Only about 20 percent of the coins have legible markings. But they won't last long without protection.
"If left in the condition they are today, we could lose them," Kuchenbecker said.
Deadwood's Historic Preservation team commissioned the Maryland Archeological Conservation Laboratory for a cure. The lab technicians will remove corrosion, desalinate and cover each coin with a protective coating.
In the end, they'll look much like the frontier era guns discovered around the same time as the coins.
"At the time, the guns were pretty corroded. They resembled a gun, they had the look and feel of a gun, but they were also heavily corroded," Runge said.
The guns were sent to Maryland last year. The X-ray and cleaning process revealed something startling: one of the guns, an 1868 or 69 Colt revolver, was loaded. Another revelation: the brass trigger guards did not oxidize like the iron on the rest of the guns, revealing the serial numbers. So, Runge and his team will eventually be able to track the guns' path to Deadwood.
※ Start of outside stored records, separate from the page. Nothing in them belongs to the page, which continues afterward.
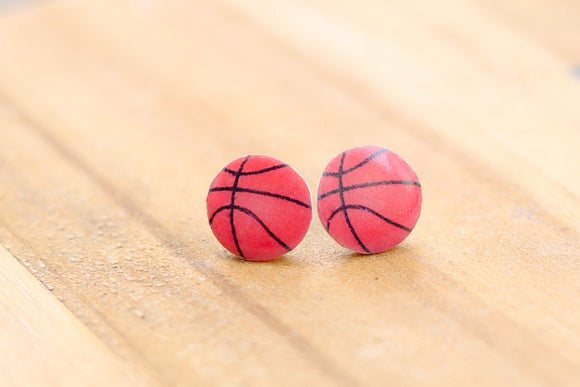 Handcrafted Polymer Clay Earrings- Graphic Transfer-Basketball Studs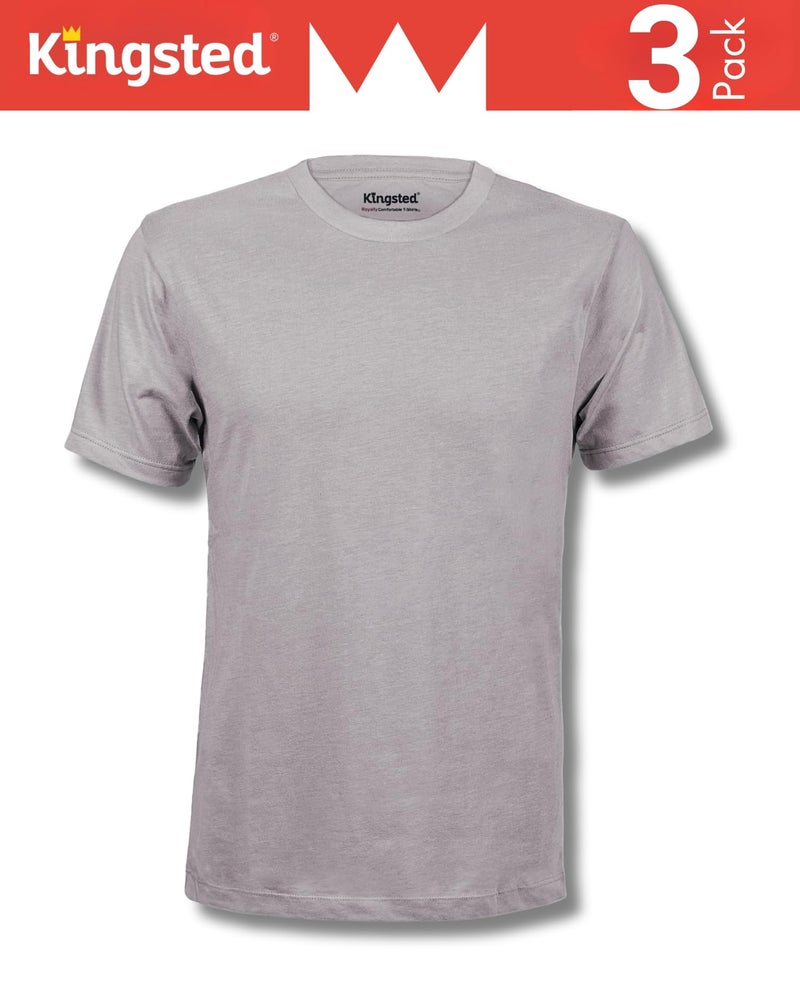 Kingsted Men's T-Shirts Pack - Royally Comfortable - Super Soft Cotton Blend - Short Sleeve Tagless Crewneck - Plain Colored Classic Tees (3 Pack, Monochrome, X-Large) - Image 3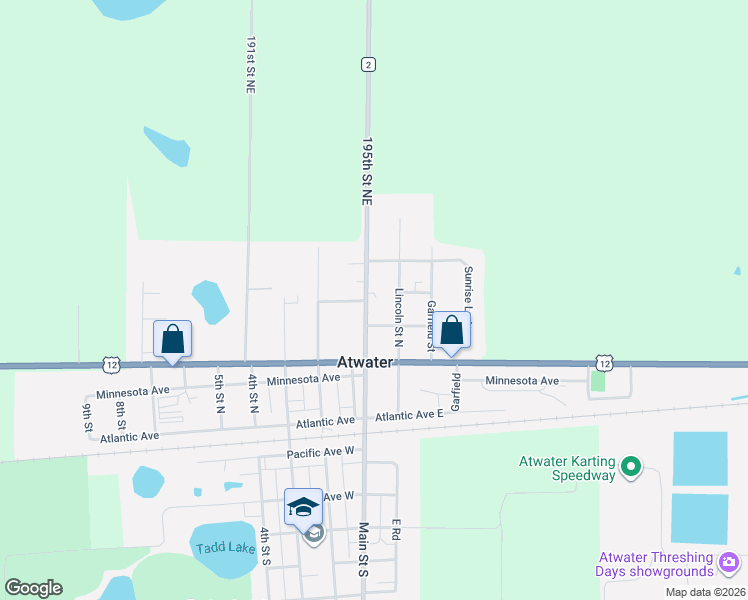 map of restaurants, bars, coffee shops, grocery stores, and more near 411 Main Street North in Atwater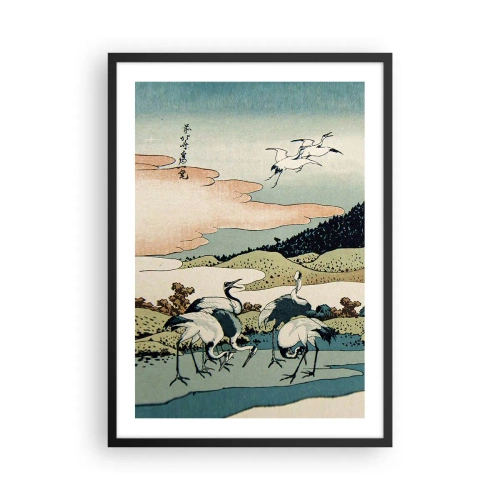 Plakat w czarnej ramie - Tradycyjna japońska grafika z żurawiami w krajobrazie natury - 50x70cm - W japońskim duchu - Nowoczesna dekoracja ścienna do salonu i sypialni ARTTOR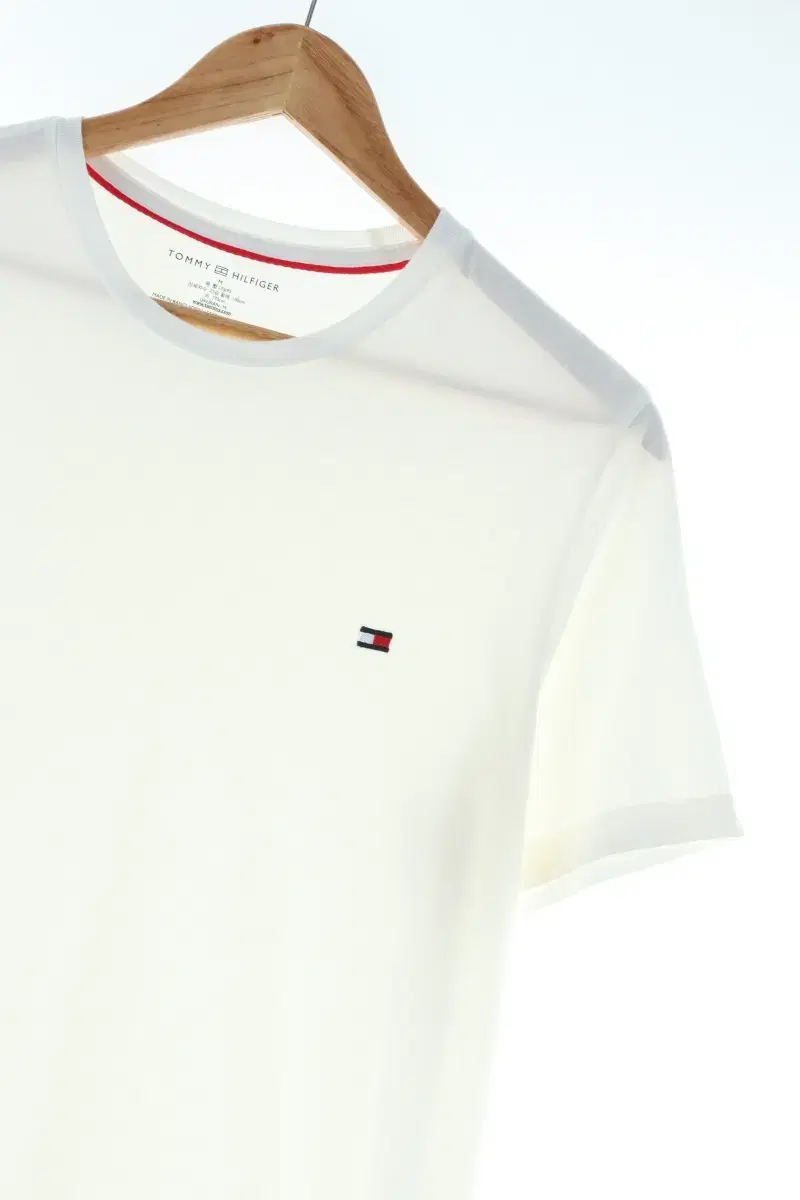 (M) Tommy Hilfiger Short-sleeved T-shirt White Cotton Plain Solid Limited Edition-E71C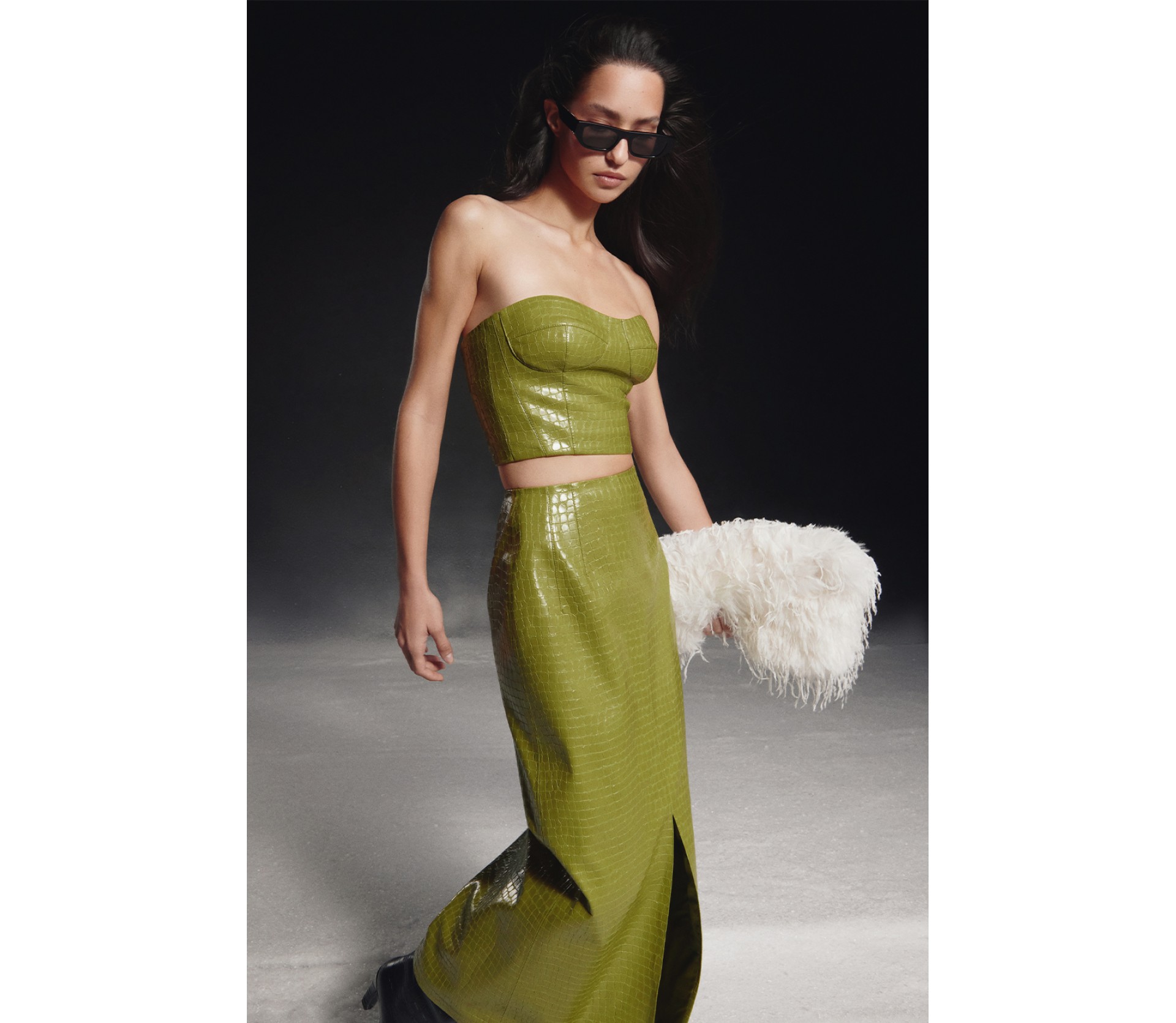 СПІДНИЦЯ МАКСІ З ЕФЕКТОМ КРОКОДИЛА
"These serial numbers will tell us when the gun was created and where it was shipped to," Runge said.
In addition to the guns and the coins, more than 250,000 objects were excavated in the Chinatown dig including these magnificent ceramics.
And there could be more beneath the streets of this old west town - history that made Deadwood famous.
"It's still out there and we're still searching for it and we're still piecing the puzzle together," Kuchenbecker said.
Mike Runge anticipates the Chinese coin collection to be on display sometime next year. The guns will be available for public view this summer.